Does the use of Private Agreements eliminate the reporting requirements for certain actions by state licensing boards?

Given the unique nature of state licensing board reporting policies and procedures, which enable the NPDB to identify actions taken by these boards, the NPDB is able to match these actions to reports in the NPDB and identify actions that should have been reported. During the efforts of the NPDB to improve the completeness and accuracy of reporting, occasionally actions have been identified by the NPDB that appear to be reportable, and a report is requested from the state for the action that was reported on the state's web site. In a small number of cases, the state has reported that, based on a private agreement signed by them and the practitioner, the action is not reportable. Often a copy of this agreement is provided that clearly states that the action will not be reported to the NPDB. However, the fact that a private agreement states that an action will not be reported to the NPDB has no bearing on whether it is reportable.

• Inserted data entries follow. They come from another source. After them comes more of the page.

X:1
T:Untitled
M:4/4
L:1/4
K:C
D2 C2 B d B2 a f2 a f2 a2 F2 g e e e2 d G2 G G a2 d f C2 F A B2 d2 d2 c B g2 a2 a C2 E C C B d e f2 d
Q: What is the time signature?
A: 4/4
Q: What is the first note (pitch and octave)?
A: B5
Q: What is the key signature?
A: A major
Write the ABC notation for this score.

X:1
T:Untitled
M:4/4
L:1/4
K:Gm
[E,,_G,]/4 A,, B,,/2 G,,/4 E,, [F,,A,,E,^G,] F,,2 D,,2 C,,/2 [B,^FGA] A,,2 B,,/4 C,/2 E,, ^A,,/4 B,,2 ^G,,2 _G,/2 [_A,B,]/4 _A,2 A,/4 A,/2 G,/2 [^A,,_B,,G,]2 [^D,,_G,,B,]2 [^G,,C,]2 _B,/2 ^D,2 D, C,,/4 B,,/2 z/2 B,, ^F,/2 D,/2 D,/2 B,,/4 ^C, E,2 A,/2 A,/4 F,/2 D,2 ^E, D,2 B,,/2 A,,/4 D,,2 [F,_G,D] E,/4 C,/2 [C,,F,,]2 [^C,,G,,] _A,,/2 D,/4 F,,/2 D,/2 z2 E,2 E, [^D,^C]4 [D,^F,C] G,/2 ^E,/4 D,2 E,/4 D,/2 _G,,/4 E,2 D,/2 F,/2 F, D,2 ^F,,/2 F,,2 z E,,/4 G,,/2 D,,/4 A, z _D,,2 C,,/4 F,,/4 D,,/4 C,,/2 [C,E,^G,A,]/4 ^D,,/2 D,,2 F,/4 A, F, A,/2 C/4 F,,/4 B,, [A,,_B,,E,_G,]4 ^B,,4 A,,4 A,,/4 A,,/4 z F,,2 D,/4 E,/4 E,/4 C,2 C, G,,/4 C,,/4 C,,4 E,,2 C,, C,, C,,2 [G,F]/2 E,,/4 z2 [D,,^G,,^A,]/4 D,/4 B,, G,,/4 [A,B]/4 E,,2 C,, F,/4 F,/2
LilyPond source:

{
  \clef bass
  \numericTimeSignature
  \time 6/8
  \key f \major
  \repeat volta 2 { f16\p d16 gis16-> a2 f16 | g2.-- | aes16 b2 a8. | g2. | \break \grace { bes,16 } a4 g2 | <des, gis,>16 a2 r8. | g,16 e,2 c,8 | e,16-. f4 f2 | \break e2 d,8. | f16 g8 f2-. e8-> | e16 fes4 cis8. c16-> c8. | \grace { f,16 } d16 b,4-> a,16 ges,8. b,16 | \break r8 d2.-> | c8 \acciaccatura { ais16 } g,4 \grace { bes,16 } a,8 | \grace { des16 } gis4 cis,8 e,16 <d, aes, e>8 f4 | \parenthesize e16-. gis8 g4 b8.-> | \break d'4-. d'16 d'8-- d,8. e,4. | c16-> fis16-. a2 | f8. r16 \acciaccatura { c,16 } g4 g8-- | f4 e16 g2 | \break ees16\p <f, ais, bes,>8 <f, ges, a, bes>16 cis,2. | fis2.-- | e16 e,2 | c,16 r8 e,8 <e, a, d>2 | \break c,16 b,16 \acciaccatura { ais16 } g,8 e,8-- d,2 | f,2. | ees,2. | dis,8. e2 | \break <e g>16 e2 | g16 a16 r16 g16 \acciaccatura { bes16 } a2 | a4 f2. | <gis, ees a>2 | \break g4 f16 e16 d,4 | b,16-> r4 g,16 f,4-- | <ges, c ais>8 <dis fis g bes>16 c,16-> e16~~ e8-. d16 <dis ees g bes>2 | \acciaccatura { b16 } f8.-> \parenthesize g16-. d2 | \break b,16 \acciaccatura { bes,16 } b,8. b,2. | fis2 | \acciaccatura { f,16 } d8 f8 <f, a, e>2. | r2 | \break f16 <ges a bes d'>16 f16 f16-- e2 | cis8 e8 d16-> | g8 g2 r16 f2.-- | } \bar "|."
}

If an action meets the definition of either an "adverse action" or a "negative action or finding," it is reportable based on our implementing regulations at 45 CFR §§ 60.3 and 60.9. Regarding private agreements:

  • Since "negative actions or findings" are by definition publicly available, a private agreement would not be considered a negative action or finding.
  • "Adverse actions" must be taken as a result of a formal proceeding, but are not required to be publicly available. Therefore, if a state licensing or certification board takes an adverse action that is the result of a formal proceeding, it is reportable even if the action was taken through a private agreement. It is the action taken, rather than the method by which the action was taken, that determines whether the action must be reported.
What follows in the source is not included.